Structures in C
Structures in C
CSE 2421
Required Reading: Pointers On C, Chapter 10, through Section 10.3
Recall that ANSI C has a set of default data types: char, int, long, float, double.
An aggregate data type is one that can hold more than one individual piece of data at a time.
Recall that ANSI C allows a programmer to define additional data types as s/he sees fit.
ANSI C has two aggregate data types, arrays and structures.
An array is a collection of values that are all the same data type
A structure is a collection of values, called members, but the members of a structure may be of different types.
Basics on Structures
Array elements can be accessed with an index or subscript because all of the elements are of the same size/type, and because they are stored at contiguous locations in memory.

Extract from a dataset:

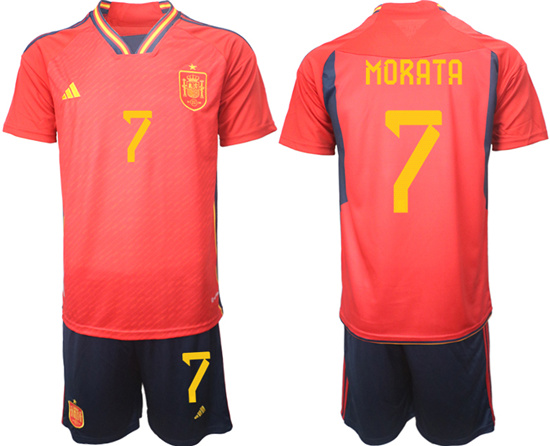 2022-2023 Spain 7 MORATA home jerseys Suit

The situation is different with structures. Because a structure’s members can be of different sizes, subscripts or indexes cannot be used to access them.

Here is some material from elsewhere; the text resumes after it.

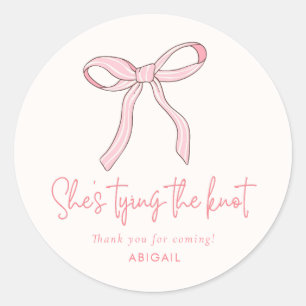 Coquette Pink Bow Bridal Shower Favour Classic Round Sticker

This distinction is important. A structure is not an array of its members. Unlike an array name, the name of a structure variable is not replaced with a pointer when it is used in an expression.
Subscripts/indexes cannot be used on a structure variable to access its members.
Instead, structure members are given names (identifiers), and are accessed by those names.
Basics on Structures
The following can all be done with structures:
Structures may be passed as arguments to functions;
They may be returned by functions;
Structures of the same type may be assigned to one another;
We can declare pointers to structures;
We can take the address of a structure variable;
We can declare arrays of structures.
Structure Basics cont.
Here is the format of a structure declaration:
struct tag { member-list with type of each member } variable list ;
struct is a keyword in C.
Generally, the tag field* and the variable-list field are each optional, but at least one of them is required:
– If the tag is omitted, only the variables with identifiers which appear in the variable-list field are declared to be of this structure type, and no other variables of this type can be declared subsequently.
– If the tag field is included, then the variable-list field can be empty or omitted. In this case, the tag can be used later to declare variables of this structure type. The tag field is required if you wish to use malloc() or calloc().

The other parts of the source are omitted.